Several lines of evidence support a link between inflammation and cancer risk. Indirect evidence that chronic inflammation may play a role in carcinogenesis comes from data implicating infectious agents in the etiology of site-specific cancers (e.g., hepatitis, human papilloma virus, Epstein-Barr virus). In addition, several non-infectious chronic inflammatory conditions also increase the risk of cancer (e.g., inflammatory bowel disease, prostatitis; ref. 23). Smoking, a well-known carcinogen, increases several markers of inflammation, including WBC (20). While smoking may have direct carcinogenic effects, it is also conceivable that the general inflammatory response induced by smoking could increase risk of cancers. More directly, in vitro studies have implicated several inflammatory constituents in carcinogenesis (1). Finally, anti-inflammatory medications seem to reduce the risk of developing some types of cancer, notably colon cancer (27, 28). Whether anti-inflammatory medications could reduce the risk of other cancers is not known, but evidence from several observational studies suggest a protective association (29, 30).

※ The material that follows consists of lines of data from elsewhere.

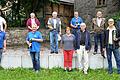 Zum 25-jährigen Jubiläum des Heimat- und Kulturvereins Rieden wurden die Gründungsmitglieder geehrt (hinten von links) Vorsitzender Jochen Pfeuffer, Ralf Veigel, Josef Fick, Willi Pfeuffer, Norbert Reuß und Armin Keller, (vorne von links)&nbsp; Werner Rath, Gerhard Keller, Maria Baumann-Rüth und Hans-Georg Rüth sowie Oswald Blesch.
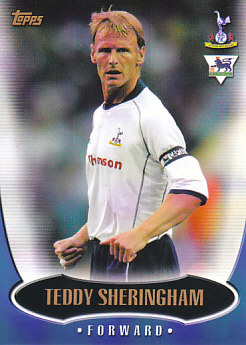 Teddy Sheringham Tottenham Hotspur 2003 Topps Premier Gold #T5
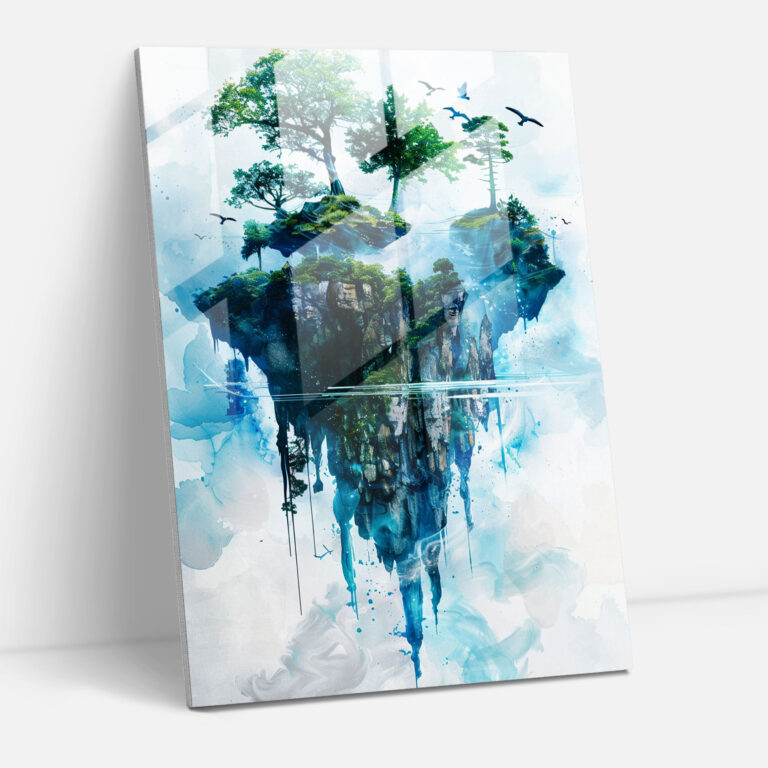Ashvin Harrison Glass Wall Art: Surreal Landscape - Ashvin Harrison, Ashvin Harrison, Wall Decoration, Glass Wall Art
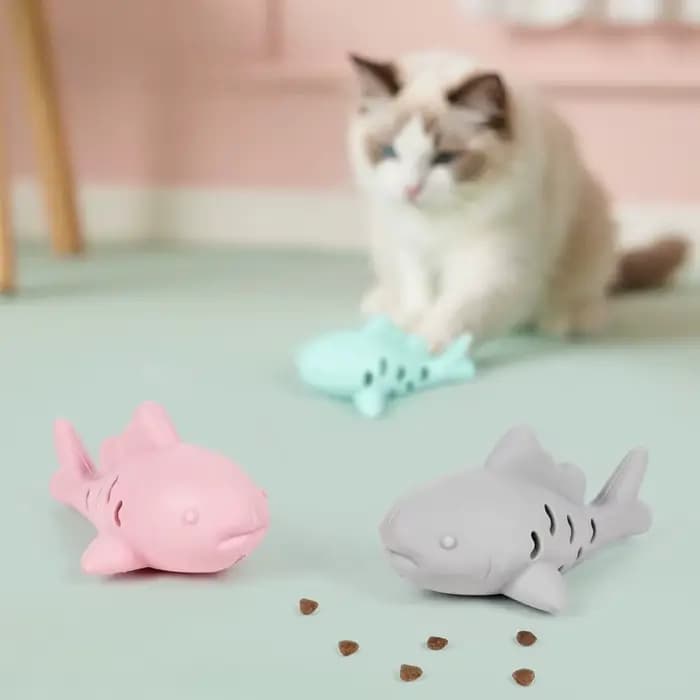 Jouet à mâcher interactif pour chat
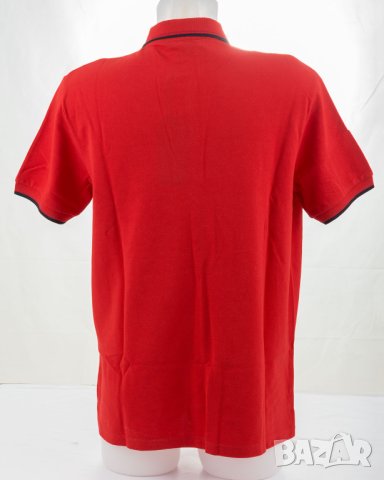 Мъжка червена блуза от памук Sir Raymond Tailor - L, снимка 2 - Блузи - 42823171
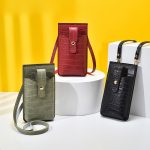 Wholesale Women Fashion Crocodile Mini Crossbody Purses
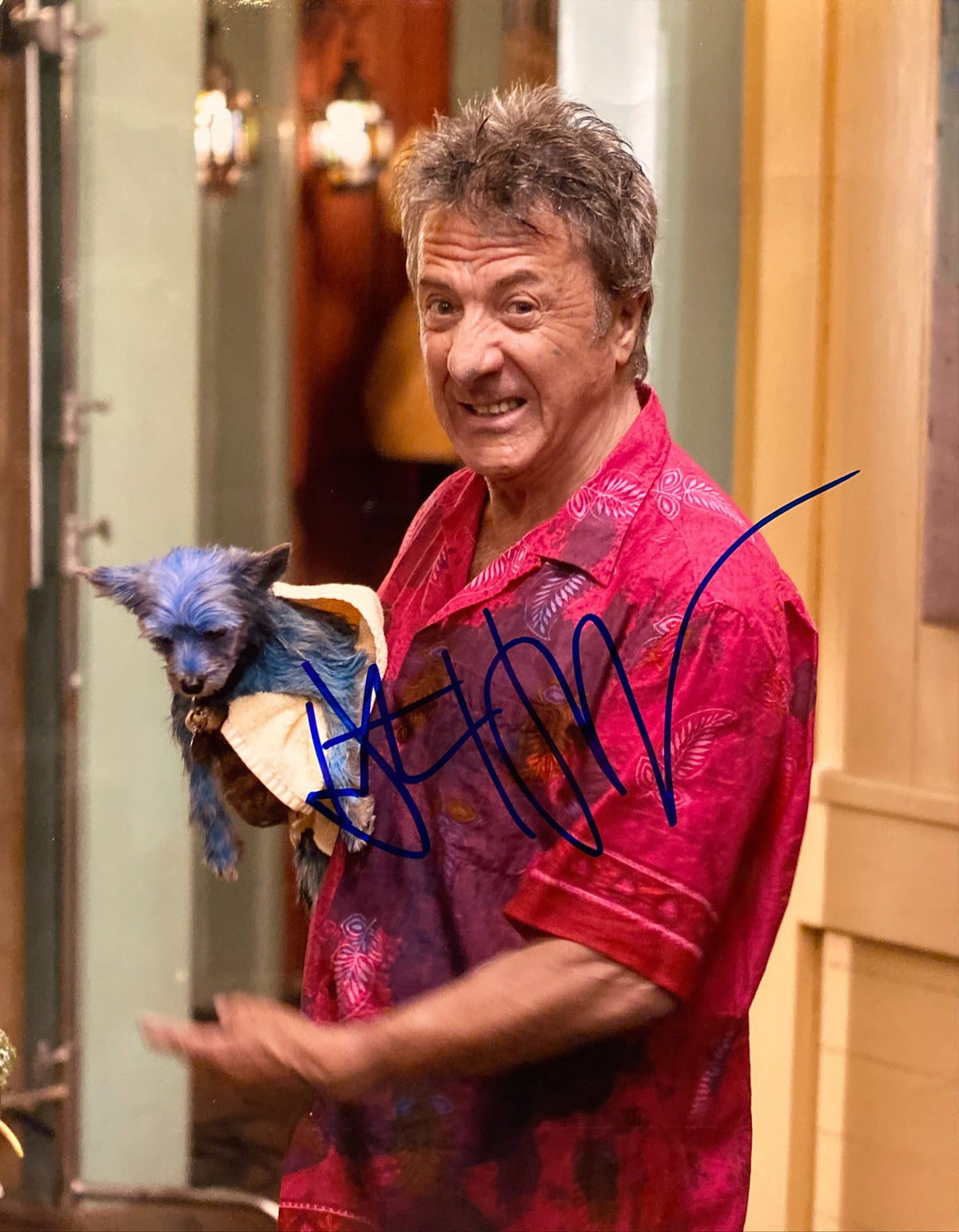 Dustin Hoffman signed "Meet the Fockers" movie photo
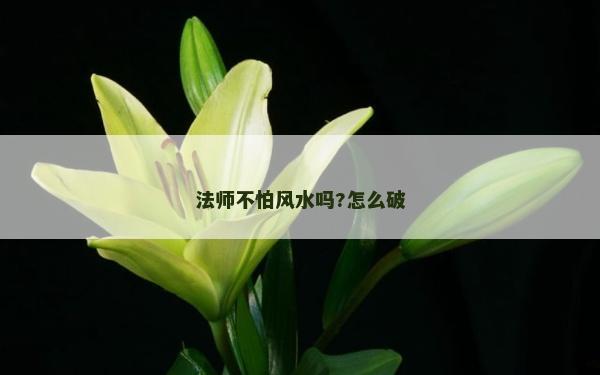 法师不怕风水吗?怎么破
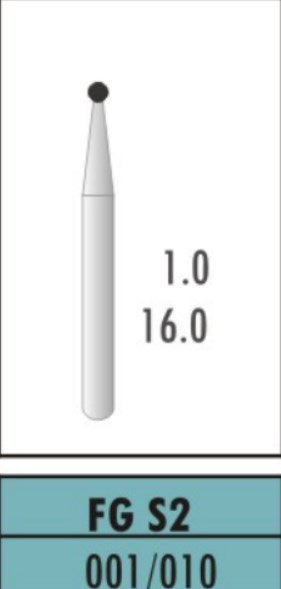 FG 316 SURGICAL 16MM - CARBIDE BURS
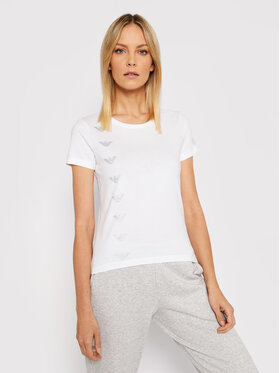 EA7 Emporio Armani EA7 Emporio Armani T-Shirt 3LTT12 TJFJZ 1100 Bílá Regular Fit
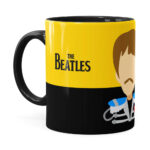 Caneca Beatles Paul Banda Preta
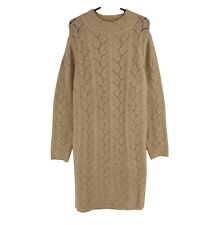 Paprika Femme Marron Faux Tricot Col Manches Longues Robe Taille L/XL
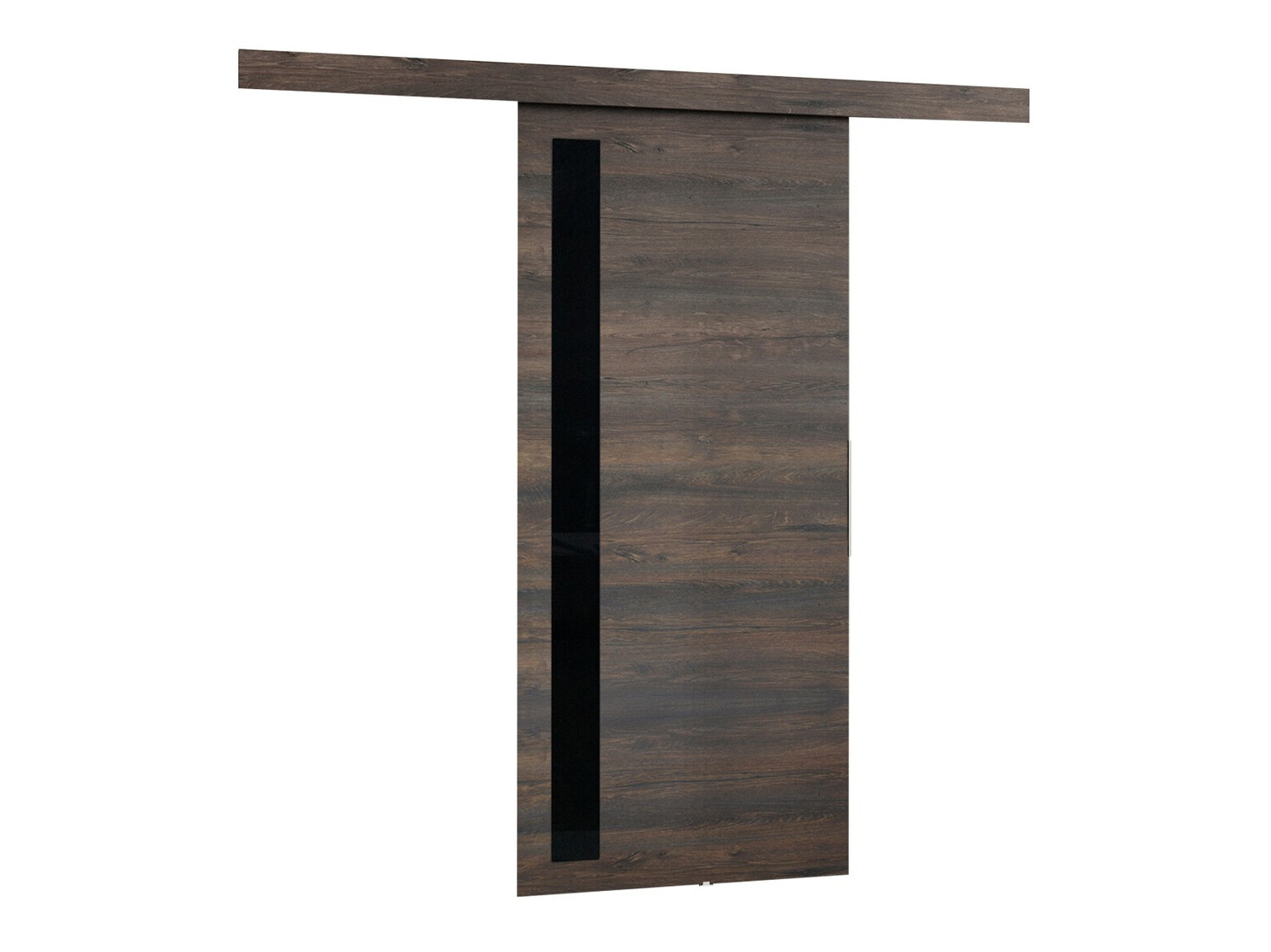 Раздвижные двери Dover 126 (Темный пепел + Чёрный)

This study has several important strengths. These data are from a large nationally representative cohort and, thus, our findings can be generalized to the U.S. population. In addition, there was a relatively long length of follow-up and we were able to exclude cases developing in the first 2 years of follow-up, thereby reducing the likelihood that subclinical cancer at baseline explains our findings. Several potential limitations to the current study also deserve consideration. Only one measurement of the exposure (WBC) was available. Hence, we cannot determine whether an acute episode of inflammation or prolonged low-grade inflammation was responsible for the associations observed. It was not possible to determine the cause of increased WBC from data collected in the current study. However, the effect of this nonspecificity, if anything, would be that our RR is an underestimate of the true association between WBC and cancer mortality. Due to the small numbers of site-specific cases, we were likely underpowered to examine the association between WBC and colon, breast, or prostate cancers. The lack of an association between WBC and these cancers should, therefore, not be taken as evidence that a modest association does not exist. Finally, in the current study, we were unable to examine associations with incident cancer, an outcome that could be more relevant to the pathophysiology of cancer.

In summary, our findings suggest that inflammation may be an independent risk factor for cancer mortality. Additional studies are needed to confirm these results and determine the risk of incident site-specific cancers associated with inflammation. Such findings could help to identify novel risk factors for cancer risk and potential targets for prevention and treatment.